TASK:
Copy every record word for word. Pictures are not part of the copy.
(DATA FOR THIS TASK begins)
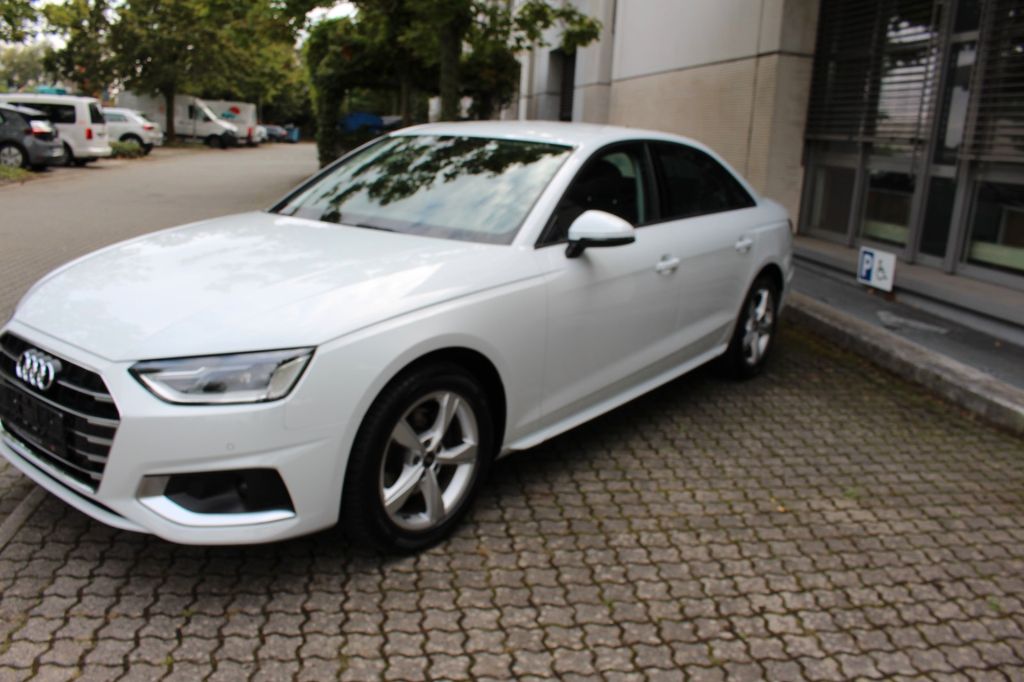 Audi A4 2022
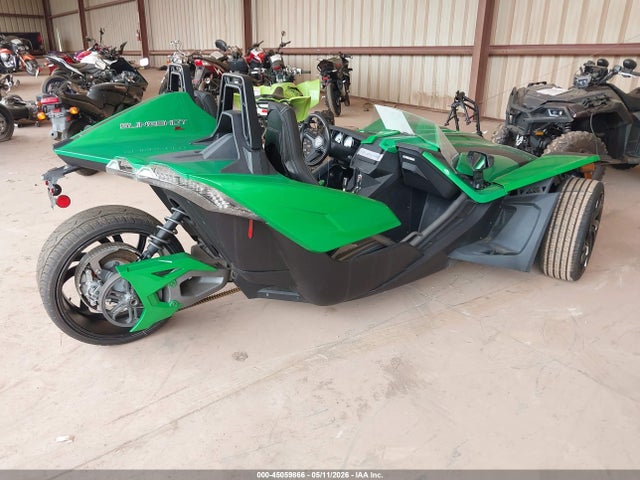 Polaris Slingshot 2018 57XAAPFA6J8125542 Image 4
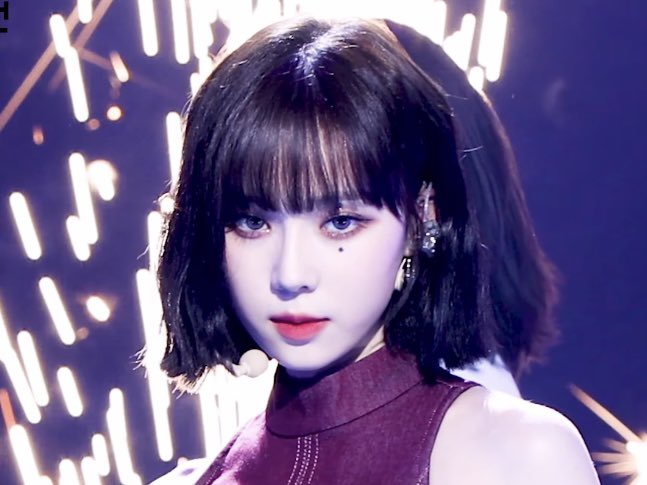[잡담] 윈터 초면에는 되게 화려하게 예쁜데 | 인스티즈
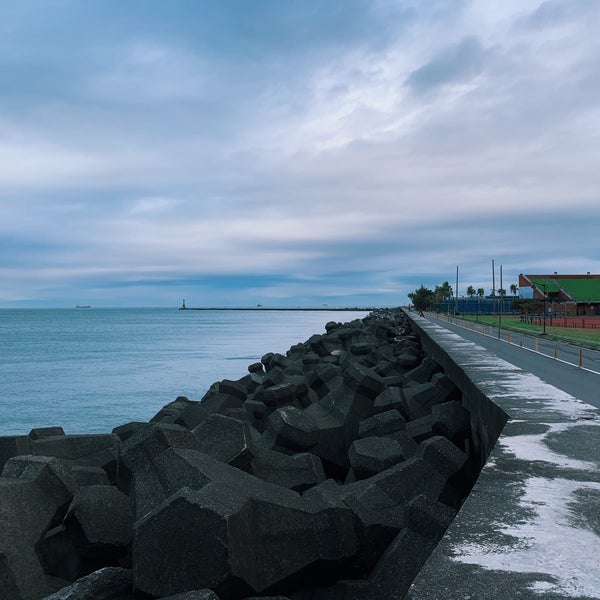 西子灣防波堤- Beach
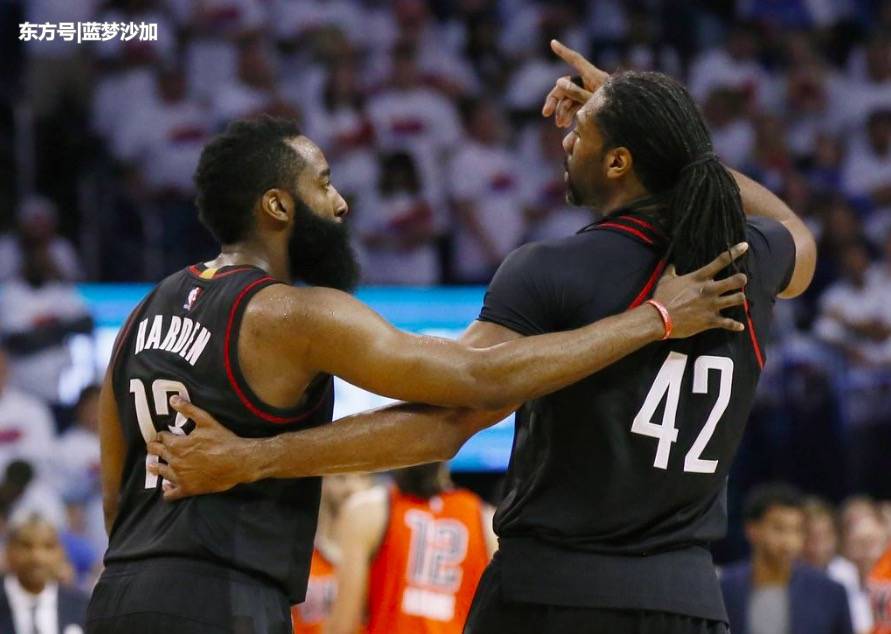 包含从休斯敦火箭集结日调整名单到清晨浙江稠州备战意大利杯，成都蓉城围绕全明星赛外线爆发的词条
(DATA FOR THIS TASK ends)
ANSWER TO THIS EXERCISE:
 Audi A4 2022
 Polaris Slingshot 2018 57XAAPFA6J8125542 Image 4
[잡담] 윈터 초면에는 되게 화려하게 예쁜데 | 인스티즈
 西子灣防波堤- Beach
 包含从休斯敦火箭集结日调整名单到清晨浙江稠州备战意大利杯，成都蓉城围绕全明星赛外线爆发的词条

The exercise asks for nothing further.